Provided information -
>>>>>

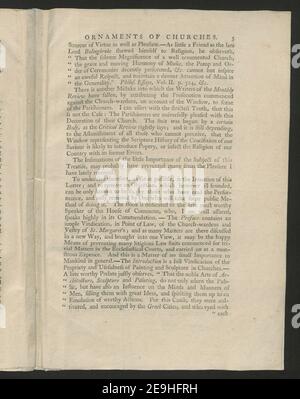 Der Rechte Honble. Arthur Onslow Esqr Sprecher, in seinem SITZ in St. Margarets Church Westminster, der Parochial Church of the COMMONS of Great Britain, 1760. Autor Walker, Anthony 23,24.f. Erscheinungsort: [London] Verlag: [Verlag nicht identifiziert] Erscheinungsdatum: [1760] Artikeltyp: 1 Print Medium: Radierung und Gravur Maße: Blatt 21,2 x 18,3 cm Ex-Besitzer: George III, King of Great Britain, 1738-1820 Stockfoto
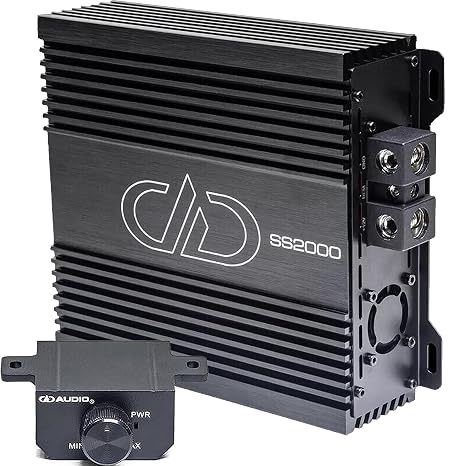 DD Audio SS2000 Monoblock 2000w RMS Amplifier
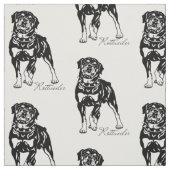 ロットワイラー ファブリック (見本)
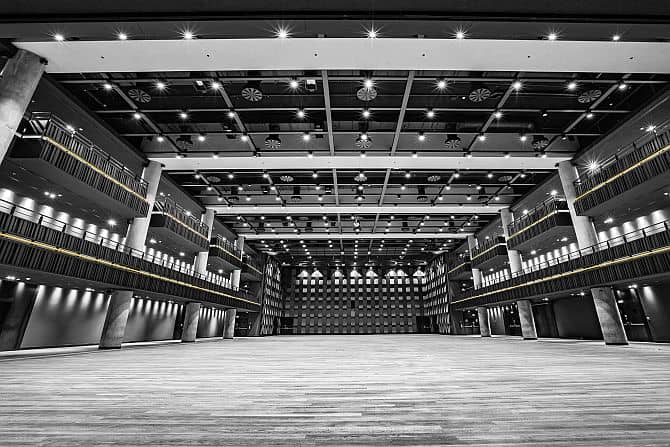 Seating chart – Forum Karlín
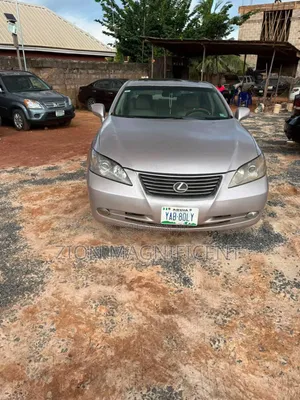 Lexus ES 350 2009 Silver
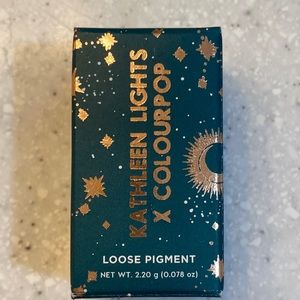 Colourpop loose pigment shade the fish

<<<<<

What the task asks -
Print every line above once more, exactly. Omit the pictures.

Output for this exercise -
 Der Rechte Honble. Arthur Onslow Esqr Sprecher, in seinem SITZ in St. Margarets Church Westminster, der Parochial Church of the COMMONS of Great Britain, 1760. Autor Walker, Anthony 23,24.f. Erscheinungsort: [London] Verlag: [Verlag nicht identifiziert] Erscheinungsdatum: [1760] Artikeltyp: 1 Print Medium: Radierung und Gravur Maße: Blatt 21,2 x 18,3 cm Ex-Besitzer: George III, King of Great Britain, 1738-1820 Stockfoto
 DD Audio SS2000 Monoblock 2000w RMS Amplifier
 ロットワイラー ファブリック (見本)
 Seating chart – Forum Karlín
 Lexus ES 350 2009 Silver
 Colourpop loose pigment shade the fish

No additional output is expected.